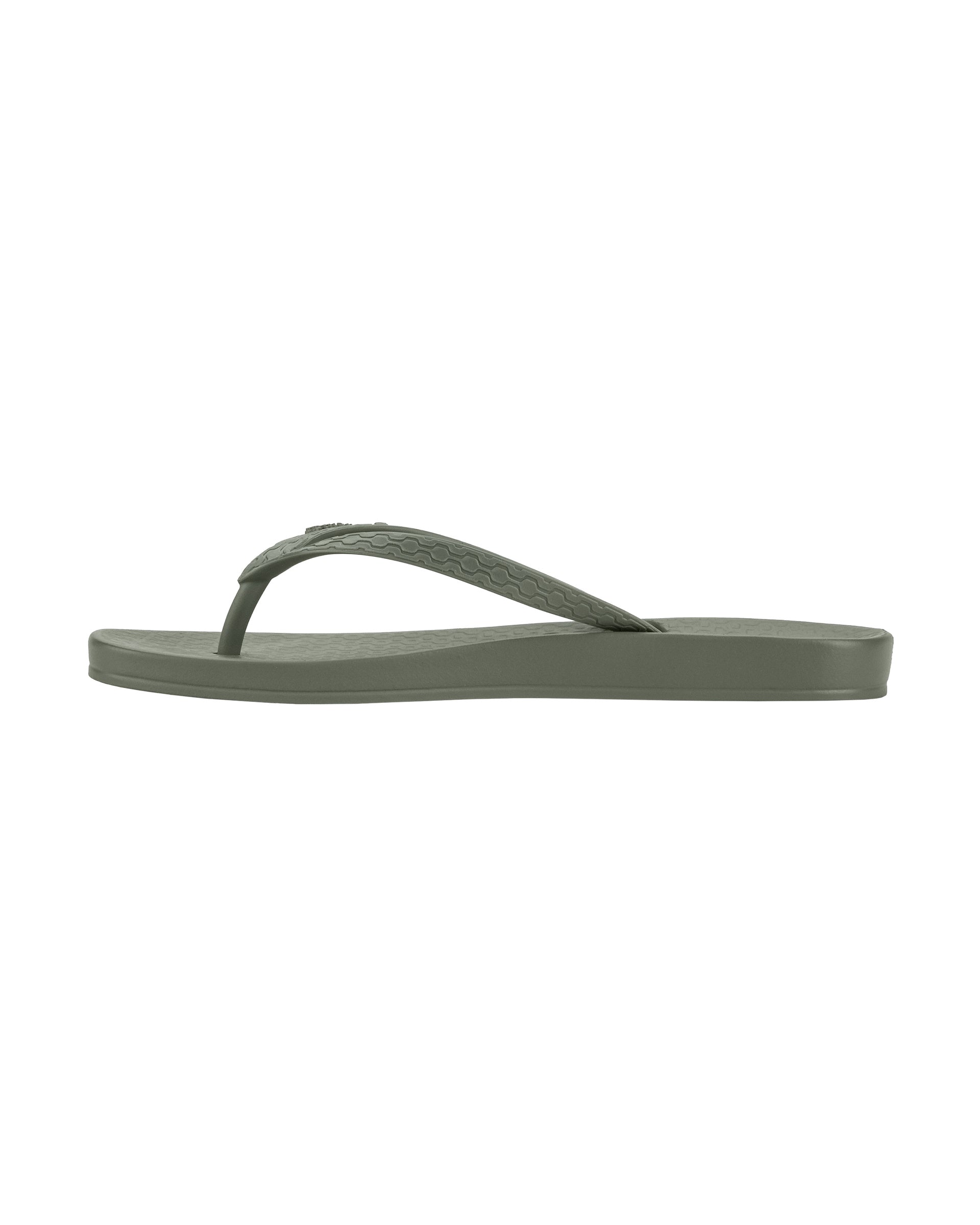 Inner side view of a green Ipanema Ana Colors women's flip flop.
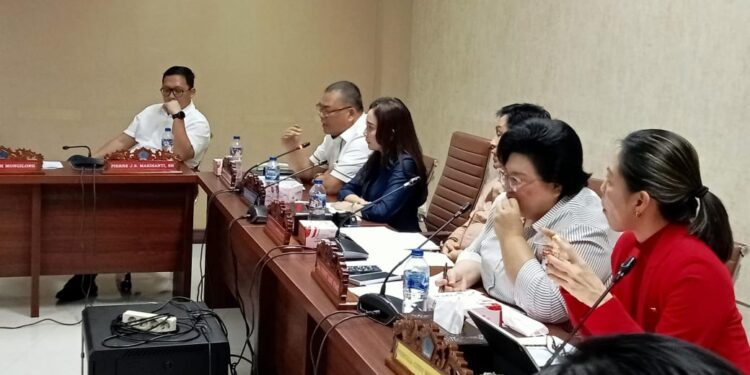 RDP Komisi IV DPRD Sulut bersama RSUP Prof Kandou. (Foto: meikel/barta)
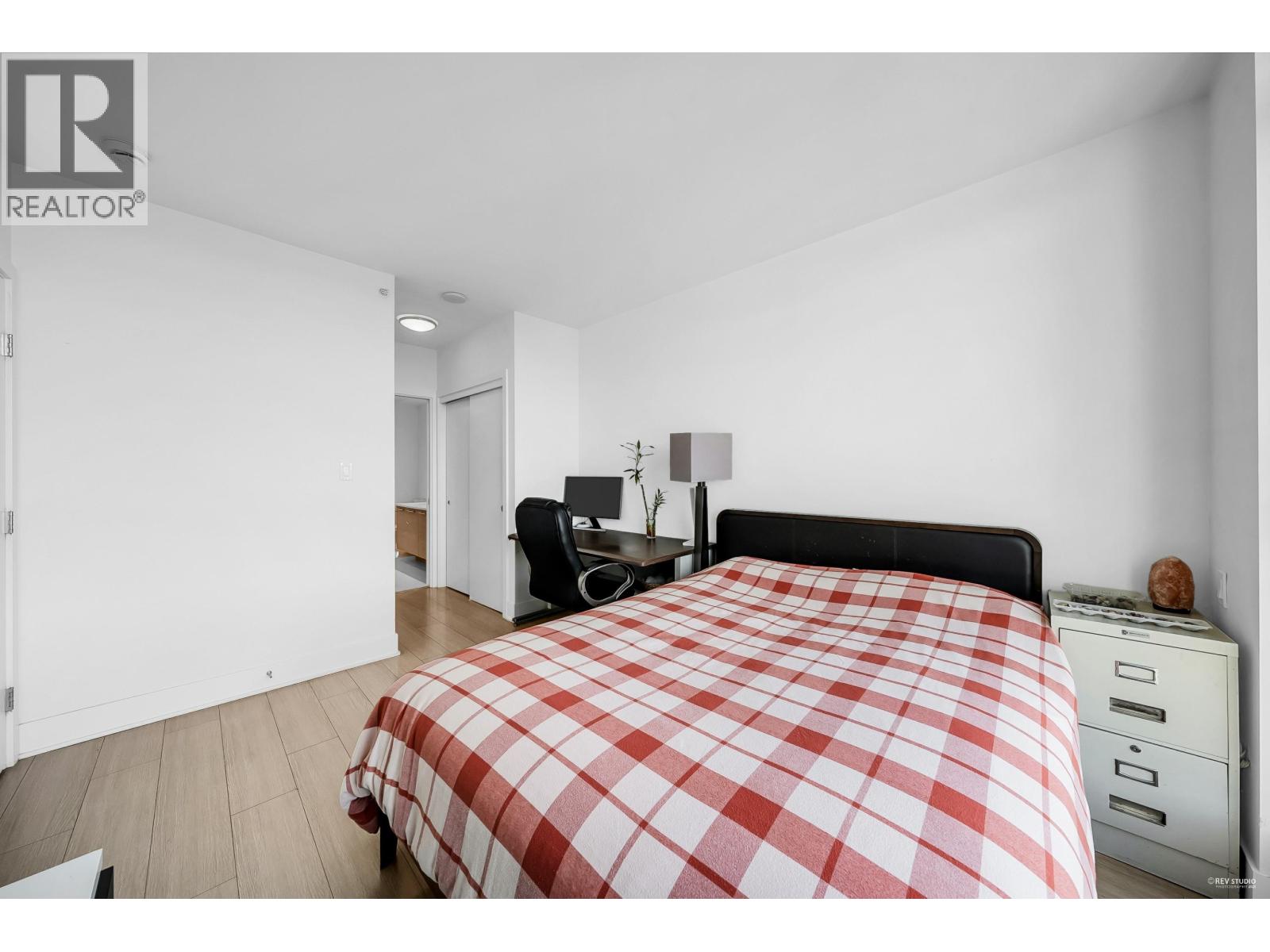 1801 1188 Pinetree Way, Coquitlam, British Columbia  V3B 0K9 - Photo 16 - R3097845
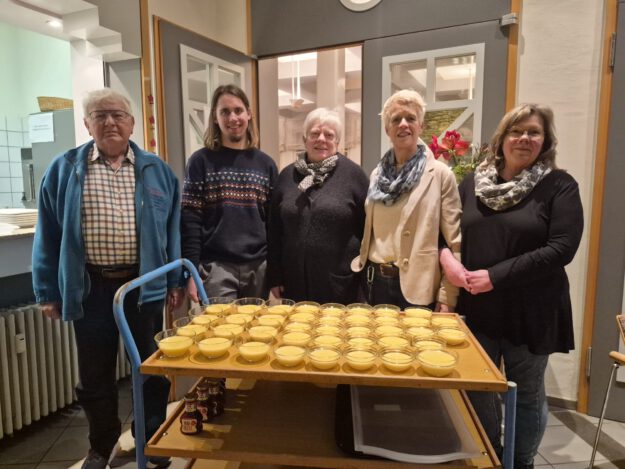 Helfer, die ein kleines Fest vorbereitet haben.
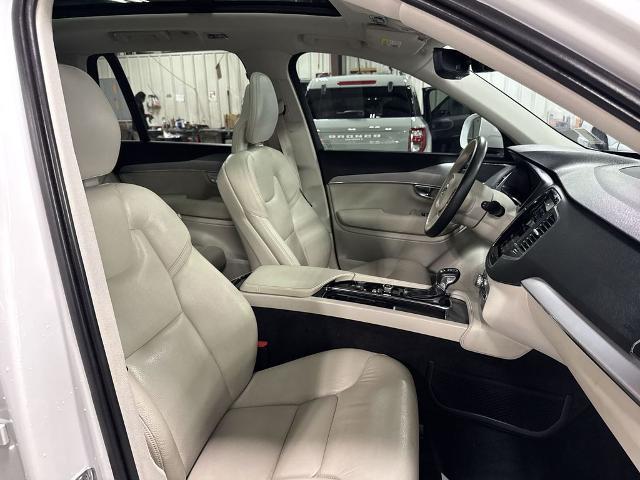 2021 Volvo XC90 T5 Momentum 7 Passenger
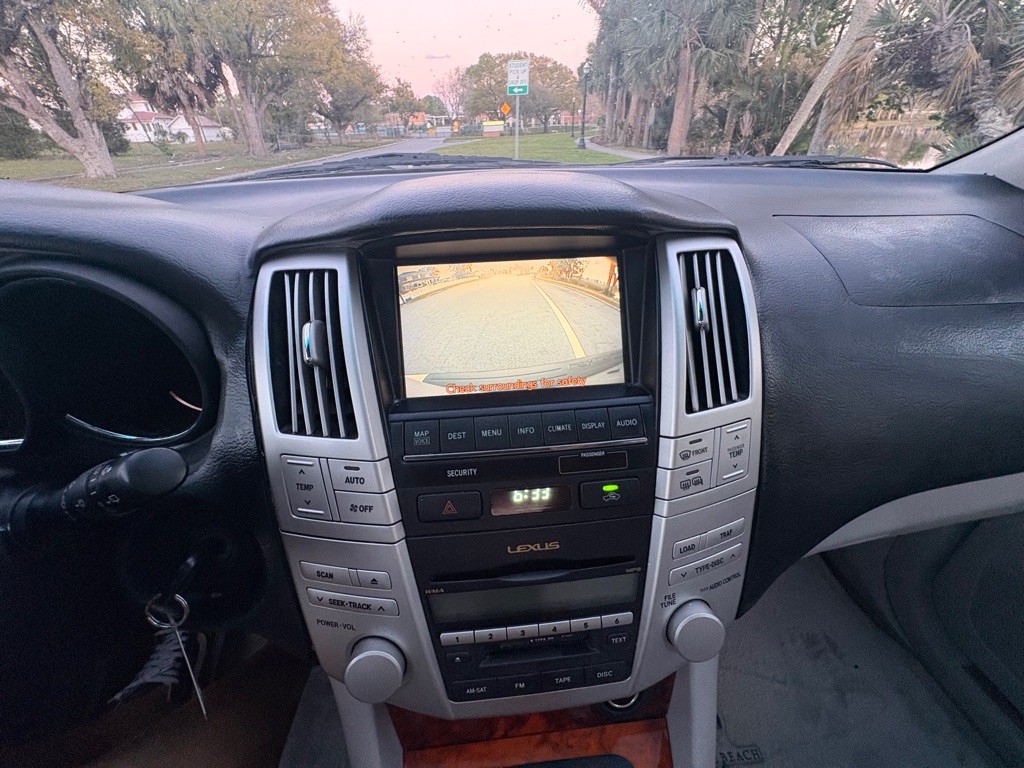 2009 Lexus RX Image 16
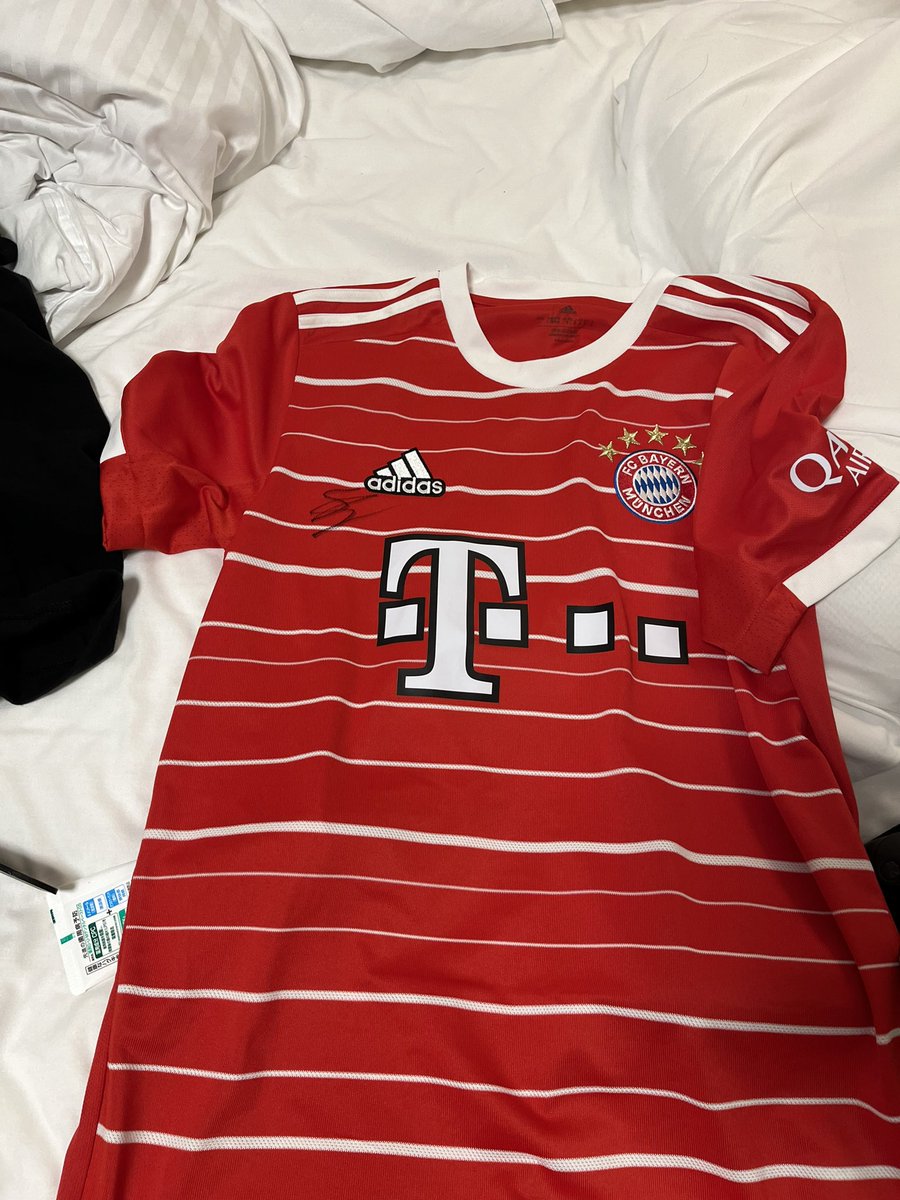Bayernkimmich6's tweet photo. バイエルンサポの皆さんの力を貸して欲しいです。
7月30日マンダリン オリエンタルホテルでバイエルンの出待ちをしていました。通常出待ちとは違う側に柵が用意され、自分はそこに向かいました。9時10分頃ユニフォームをバッグに入れて���色紙を持ちテル、パヴァールにサインを書いて頂きました。 https://t.co/1hl4jXTvCe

####

*PROBLEM TO WORK ON*
Leave the pictures out and reproduce exactly the lines from the top of the listing above through the line with "Bayernkimmich6's tweet photo.".

*EXERCISE OUTPUT*
 Inner side view of a green Ipanema Ana Colors women's flip flop.
 RDP Komisi IV DPRD Sulut bersama RSUP Prof Kandou. (Foto: meikel/barta)
 1801 1188 Pinetree Way, Coquitlam, British Columbia  V3B 0K9 - Photo 16 - R3097845
 Helfer, die ein kleines Fest vorbereitet haben.
 2021 Volvo XC90 T5 Momentum 7 Passenger
 2009 Lexus RX Image 16
Bayernkimmich6's tweet photo. バイエルンサポの皆さんの力を貸して欲しいです。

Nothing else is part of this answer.